The TSP offers several options for withdrawing the money from your account. When making your decision, it's important to think about your income needs and the lifestyle you would like to have in retirement. The approach you take to withdrawing your TSP account depends on your specific goals. Here are a few examples:
Perhaps you expect to relocate, or you need a down payment to buy a vacation home. If your plans are such that you need a portion of your TSP account right away, but want to leave the rest to continue growing, consider taking a partial withdrawal.
You are eligible to take a partial withdrawal if you did not take an age-based withdrawal while you were still employed by the Federal Government. The minimum amount you can take is $1,000 and you will only be allowed one partial withdrawal from your account.
You will owe income tax on the taxable portion of your payment and, depending on your age, you may have to pay the IRS early withdrawal penalty tax. The taxable portion of your partial withdrawal is subject to 20% mandatory withholding if not directly transferred to your IRA or other eligible plan.
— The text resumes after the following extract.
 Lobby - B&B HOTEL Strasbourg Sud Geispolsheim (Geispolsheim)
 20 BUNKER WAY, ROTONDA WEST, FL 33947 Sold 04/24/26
For detailed information about partial withdrawals, as well the other TSP withdrawal options, visit Withdrawals After Leaving Federal Service.
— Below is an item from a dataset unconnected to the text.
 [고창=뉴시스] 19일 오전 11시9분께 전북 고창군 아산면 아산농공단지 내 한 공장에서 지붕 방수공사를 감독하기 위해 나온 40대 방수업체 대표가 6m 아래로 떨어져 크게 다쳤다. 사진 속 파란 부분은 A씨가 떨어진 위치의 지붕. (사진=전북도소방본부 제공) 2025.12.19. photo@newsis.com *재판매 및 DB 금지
By law, you will be required to take required minimum distributions (RMDs) beginning the year you turn 70½. At that time, you'll have to pay tax at your ordinary income tax rate on any taxable income you receive from your TSP account.
If you want to avoid paying taxes on the money in your TSP account for as long as possible, be sure not to take any withdrawals until the IRS requires you to do so. In addition, avoid taking amounts in excess of your annual required minimum distributions. That way, you'll continue to enjoy the tax deferral of money in your traditional balance and the compounding of earnings in your entire account.
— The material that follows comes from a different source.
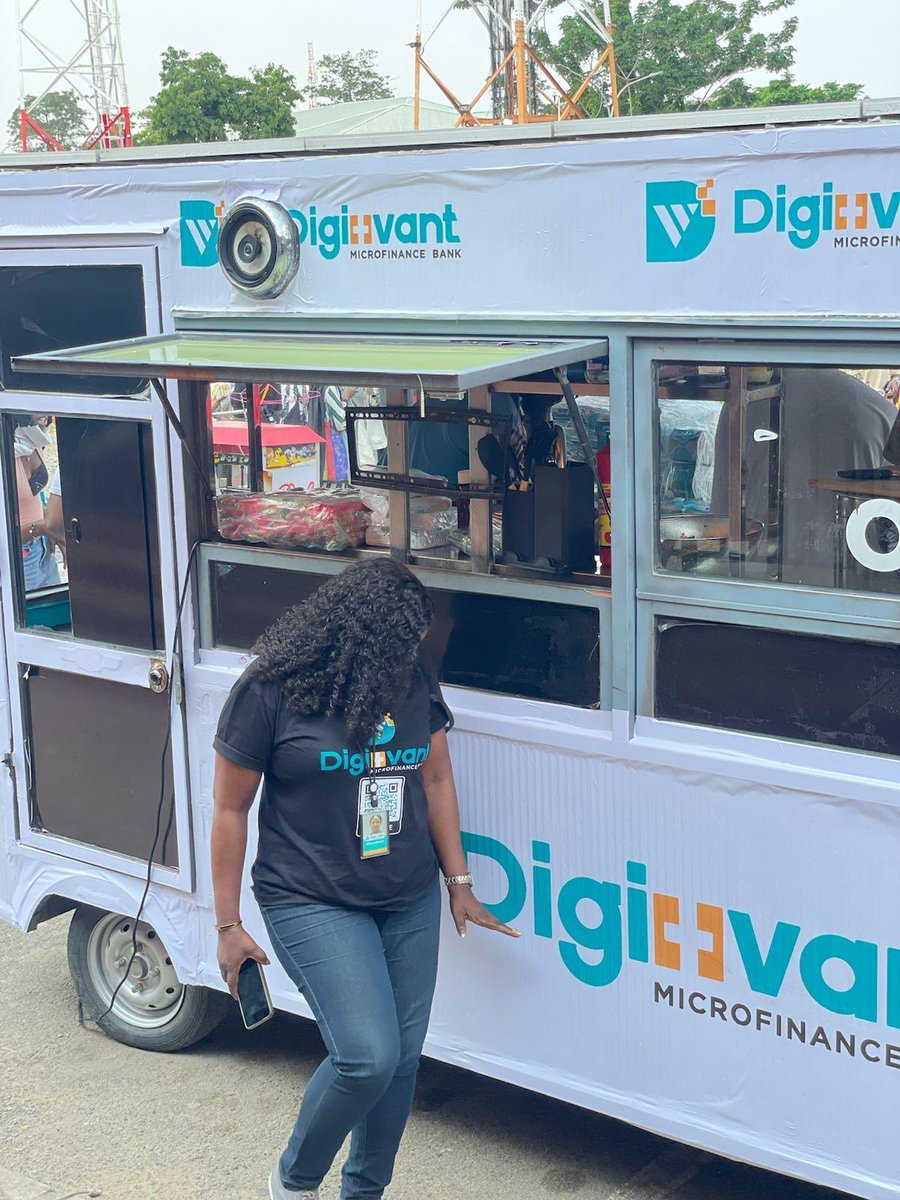 utdsomto's tweet photo. Students of Faculty of Creative Arts, University of Lagos, onboarding to Digitvant with their mobile phones.
#DigitvantPower is innovative https://t.co/5HUBwh6yDp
For more information about RMDs, visit Required Minimum Distributions.
For detailed information about all of your withdrawal options, visit Withdrawals After Leaving Federal Service.
You may decide that you want income from your TSP account every month. You have a couple of options:
- If you have a specific monthly dollar amount in mind, you can indicate it when you complete your withdrawal request form. You will receive payments in the amount that you request until your entire account balance has been paid to you. Note: The amount of each monthly payment must be at least $25.
- If you want the TSP to compute a monthly amount for you based on your life expectancy, you can choose that option when you complete your request form. Your initial payment will be based on your age and your account balance at the time of the first payment. Each year thereafter, the TSP will recalculate the amount of your monthly payments based on your age and your account balance at the end of the preceding year.
For more information on TSP monthly payments as well as detailed information about all of the other TSP withdrawal options, visit Withdrawals After Leaving Federal Service.
You may have certain expenses in retirement that you know will continue throughout your lifetime. If you need a guaranteed stream of payments to cover some of those expenses, you could consider purchasing a life annuity. A life annuity is a monthly benefit that is paid to you every month for the rest of your life. The cost of an annuity depends on the type you choose and the options and features you select.
You don't have to use your entire TSP account balance to purchase the TSP annuity, but the minimum purchase amount is $3,500.
It is important that you understand the TSP annuity option because the rules and the calculations can be complicated. For more information, visit Annuities.
There are many different scenarios that may apply to your circumstances. Your withdrawal decision should also be based on whether or not you have other sources of retirement income. For example, you may have taxable investment accounts, a traditional IRA, a Roth IRA, a company pension, or other types of accounts. All of your resources should be considered when deciding on an optimal withdrawal strategy. Consider consulting a qualified financial advisor or a tax professional for help with your particular situation.